An unusual alliance has been unveiled after Iranian President Mahmud Ahmadinejad revealed that the recent arrest of Abdulmalik Rigi, leader of the Sunni terrorist group Jundallah, was made possible with intelligence cooperation from Afghanistan and Pakistan.

Using his one-day trip on Wednesday to Kabul to bolster Iran's relations with Afghanistan and shore up regional support in the face of escalating United States pressure for sanctions over its nuclear program, Ahmadinejad made it a priority to highlight work between the three nations on the Rigi arrest as a model for counter-terrorism. He also made the most of the opportunity to scold the US over its military presence and hammer home a

  

message that the US is supporting terrorism in the name of the "war on terror".

US Secretary of Defense Robert Gates met Afghan President Hamid Karzai in the Afghan capital on Monday and accused Iran of playing a "double game" by supporting Afghan insurgents.

Trading barbs with Gates, Ahmadinejad zeroed in on Rigi's Central Intelligence Agency connections - and the fact that he had been at a US military base in Afghanistan 24 hours prior to his arrest. He had also been given a fake passport, a fake "student identification card" and was reportedly on his way to meet a high-ranking US official in Central Asia.
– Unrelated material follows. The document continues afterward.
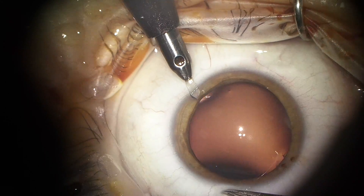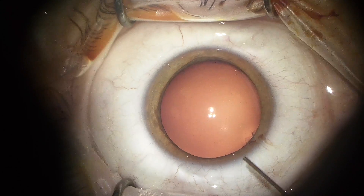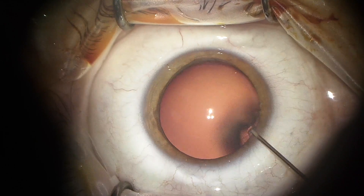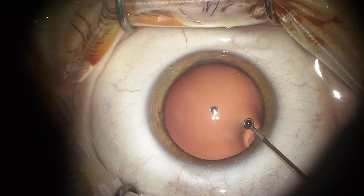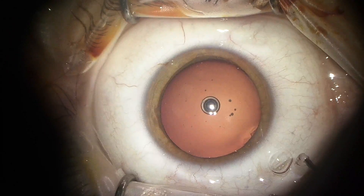This Visian ICL is an implantable contact lens that's an alternative to LASIK or PRK, which are two other refractive procedures. A refractive procedure is one that's used to reduce someone's dependence on glasses.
Iran's Foreign Minister Manouchehr Mottaki said earlier that "the US and Britain and their forces in Afghanistan and Pakistan are encouraging acts of terror in the region".
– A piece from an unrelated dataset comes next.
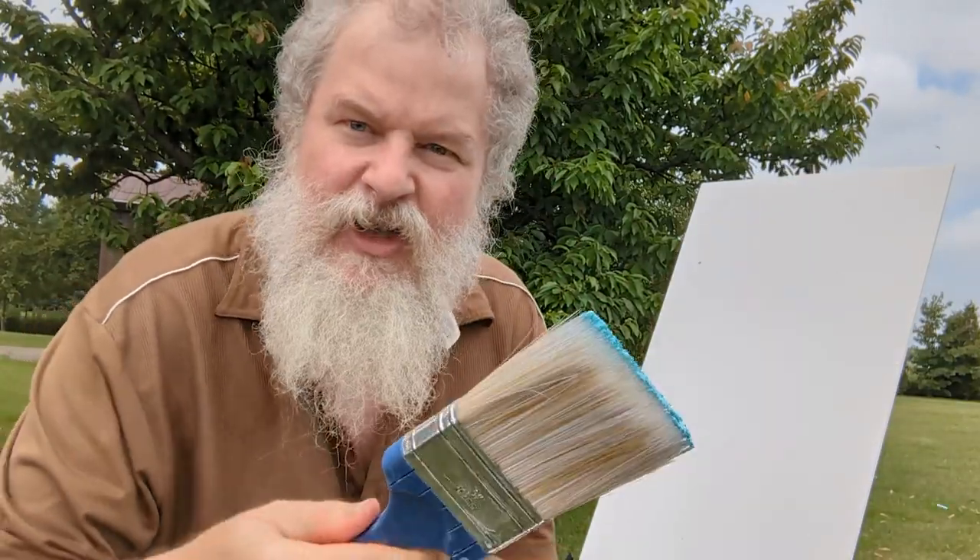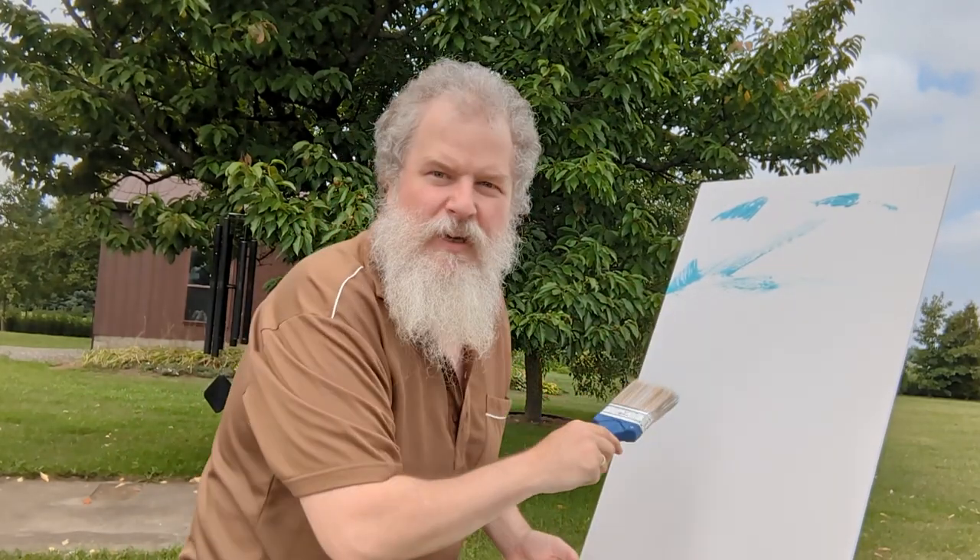Start with some sky. Most of it's white so you don't need to paint that. Just paint the blue stuff. Isn't that beautiful?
Securing Kabul's support is important for Iran. Karzai assured his Iranian visitor that Afghanistan would not allow its territory to be used against Iran, reiterating that relations between the two countries over the past nine years had been "solid" and based on "cooperation" and "mutual respect".

Iran has simultaneously called on the US and other North Atlantic Treaty Organization (NATO) countries to do more to tackle Afghanistan's narcotics problem which, to paraphrase Gail Kerlikowske, the director of US Office of National Drug Control Policy, is an area of mutual cooperation and mutual support between Iran and the West.
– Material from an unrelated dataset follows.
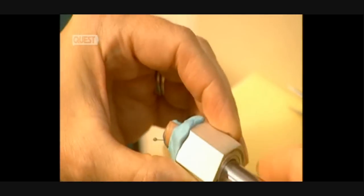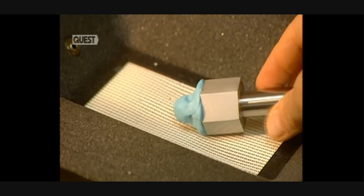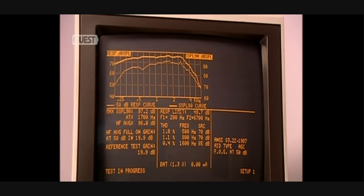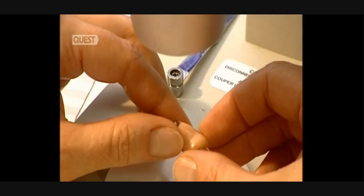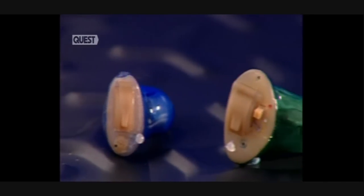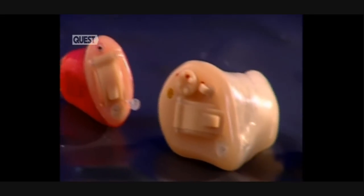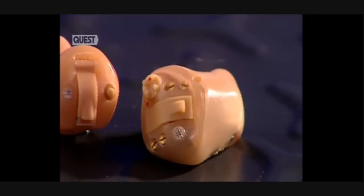The prosthesis is now completed. There remains one important step: verifying its electro-acoustic characteristics. It's with this analyser that they validate the hearing aid conforms to the original prescription. These minute devices are key to improving one's sense of hearing, and with digital technology perfectly suited to this field, hopefully even smaller units will be created.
This points to the paradoxes of both US and Iranian strategies in Afghanistan and the broader region. Contradictory interests are matched by a host of common concerns, such as Wahhabi terrorism, regional instability and drug trafficking. The latter exacts a heavy toll on Iran, a main consumer of Afghan opium and heroin as well as a corridor for the shipment of the illicit drugs to Europe, not to mention the deaths every year of hundreds of Iran's anti-drug forces at the hands of well-armed smugglers.

Clearly, Iran wants to have it both ways, demanding an immediate withdrawal of foreign forces from Afghanistan while asking the same forces to do more on the narcotics front. The latter calls for closer Iran-NATO cooperation to secure the porous Iran-Afghanistan border, which could involve the sharing of intelligence.
If there was an implicit message in Ahmadinejad's brief visit to Kabul, it was Iran's readiness to engage in a new level of multilateral intelligence cooperation against the "evil scourge" of terrorism and drug trafficking. The problem is how to overcome the huge barrier of conflicting interests erected chiefly by the Iran nuclear crisis.

One possible answer is a layered, multi-pronged approach that operates incrementally to improve and deepen "zones of agreement" such as narcotics, with the long-term intention of telescoping improvements to the areas of disagreement, basically as so many confidence-building steps that directly or indirectly impinge on the "security dimension" in the nuclear talks with Iran.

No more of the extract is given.